== Task ==
In the answer, give the entries below exactly, from the first line through the line with "375850 Vidaxl Sofa", with every picture omitted.

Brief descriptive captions
=== Begin Enclosure ===

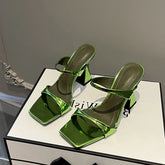 LBSFY  -  2024 Design Style Square Toe Slippers Women's Summer Elegant High Heels Wedding Party Sandalias De Mujer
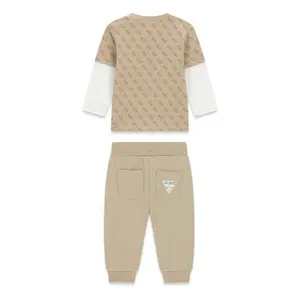 Long Sleeve Cotton T-Shirt Set and Trousers for Baby Boy Guess Active image-1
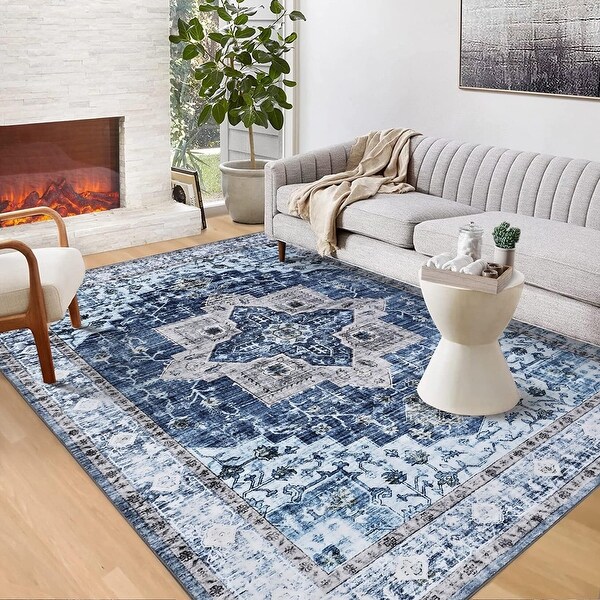 Machine Washable Rug Vintage Design Area Rugs - Bed Bath & Beyond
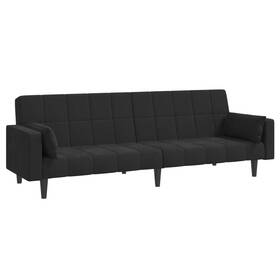 375850 Vidaxl Sofa Bed Black Velvet 100% Polyester Wood Plastic Large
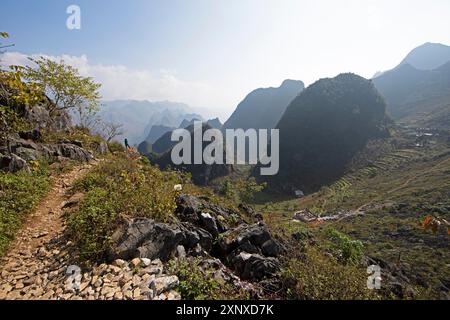 Rocce carsiche nell'altopiano carsico di Dong Van Karst, UNESCO Global Geopark, provincia di ha Giang, Vietnam Foto Stock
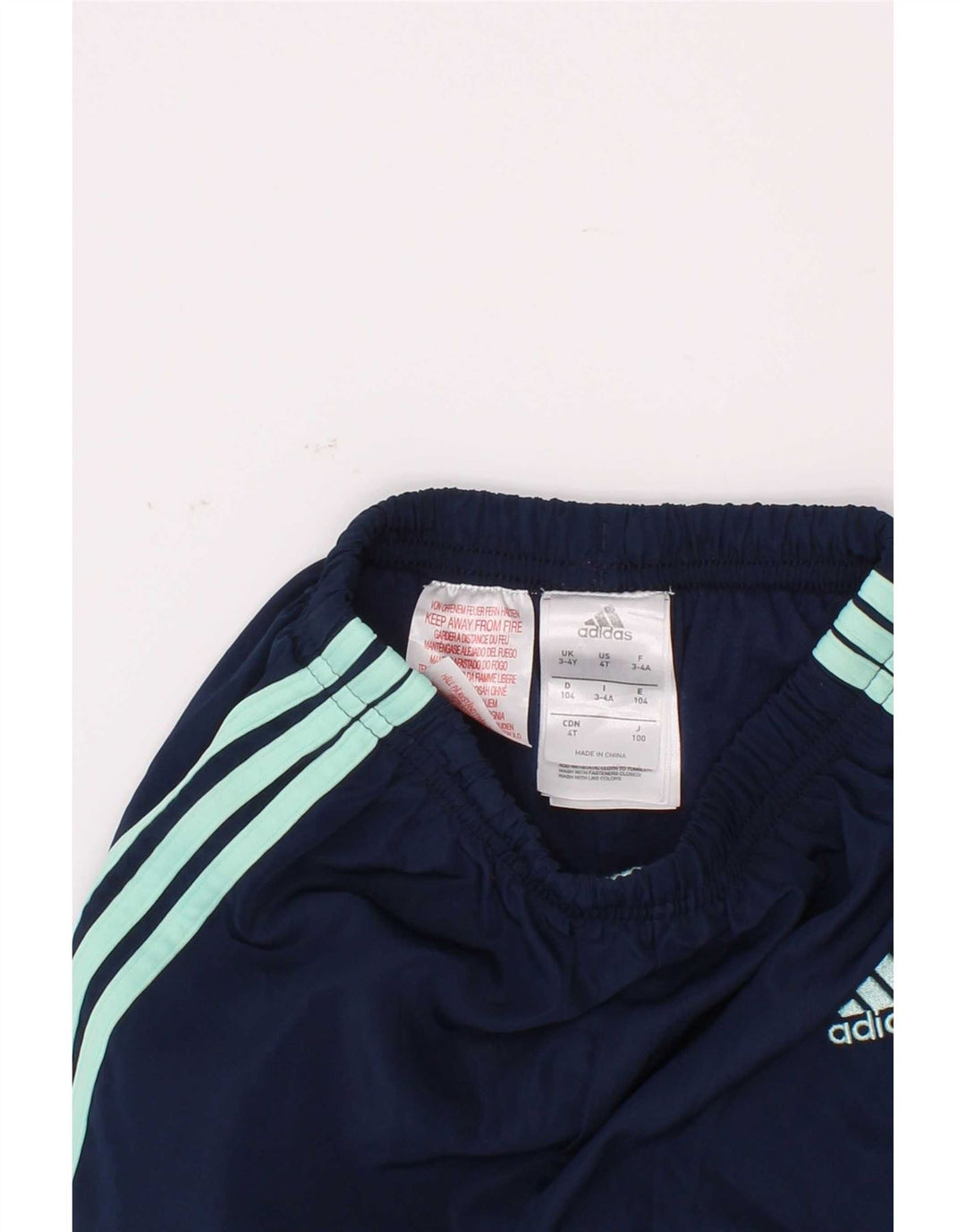 Adidas Boys Tracksuit Trousers Joggers 3-4 Years Navy Blue Polyester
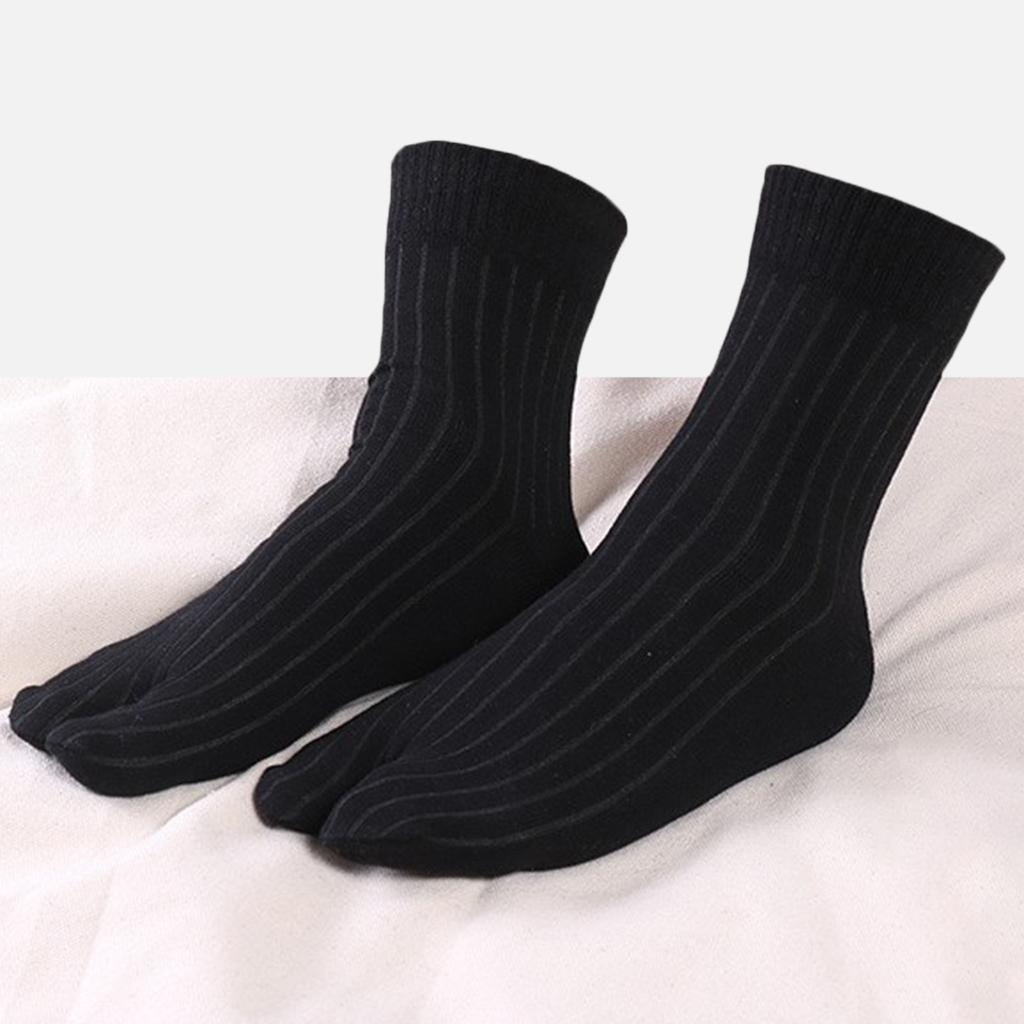 Elastic Cotton Tabi Socks 2 Toe Socks Flip-Flops Socks Unisex Black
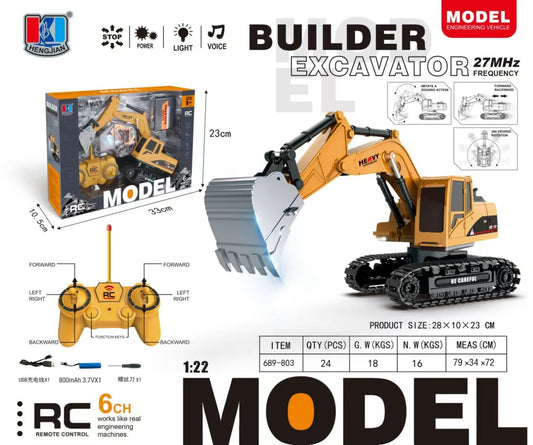 RC Builder Excavator 1:22 Scale Engineering Vehicle with Lights & Sound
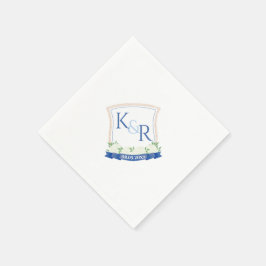 Guardanapo De Papel Crest De Casamento Costeiro Branco E Azul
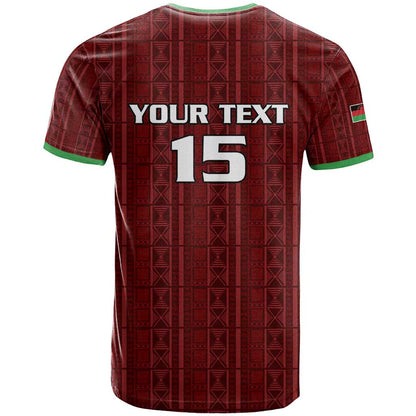 Custom Malawi Football T-Shirt Come On Flames - Red Graphic Tee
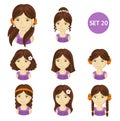 Cute brunet little girls with various hair style. Royalty Free Stock Photo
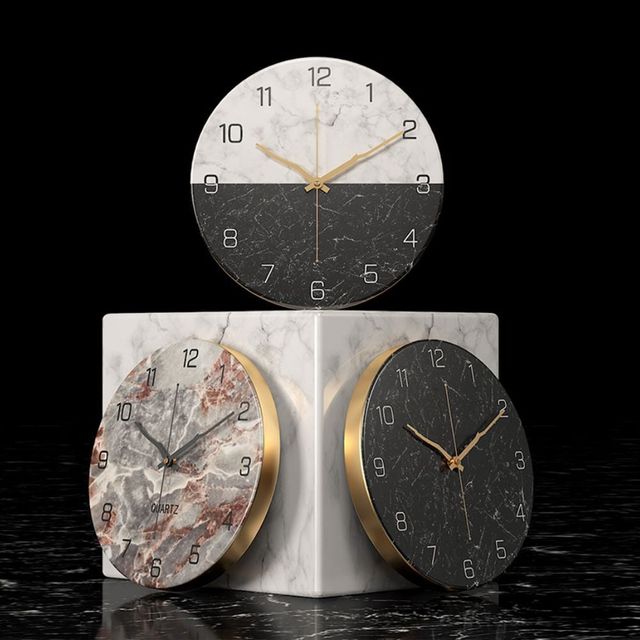 대리석 무늬 인테리어 벽시계 벽걸이 복고풍 디자인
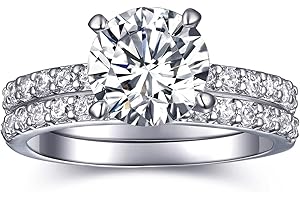 AONED 2 CT Round Cut Engagement Rings for Women Fake Wedding Ring Band Promise Rings for Her, Cubic Zicornia Ring 2 PCS, Size 4-11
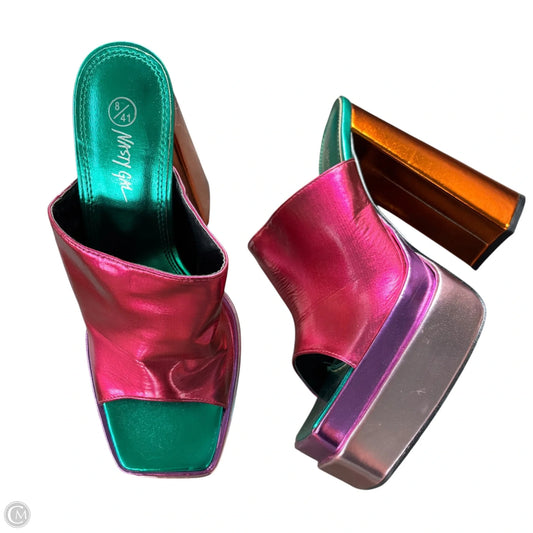 Sandals Heels Block By Nasty Gal In Multi-colored, Size: 8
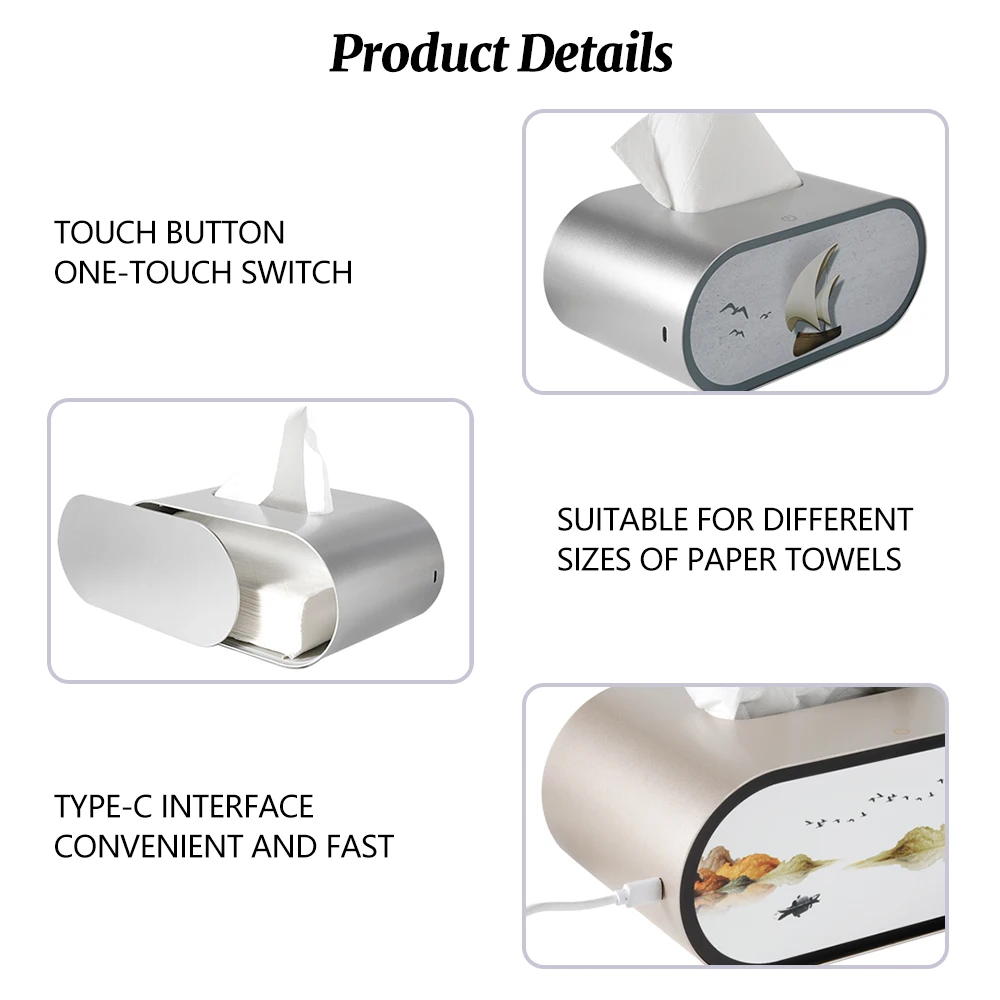 Коробка для салфеток, световая роспись, ночники, перезаряжаемая настольная лампа с бесступенчатым затемнением и 3-цветной яркостью для бумажной коробки для спальни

=== End Enclosure ===

== Result of this task ==
 LBSFY  -  2024 Design Style Square Toe Slippers Women's Summer Elegant High Heels Wedding Party Sandalias De Mujer
 Long Sleeve Cotton T-Shirt Set and Trousers for Baby Boy Guess Active image-1
 Machine Washable Rug Vintage Design Area Rugs - Bed Bath & Beyond
 375850 Vidaxl Sofa Bed Black Velvet 100% Polyester Wood Plastic Large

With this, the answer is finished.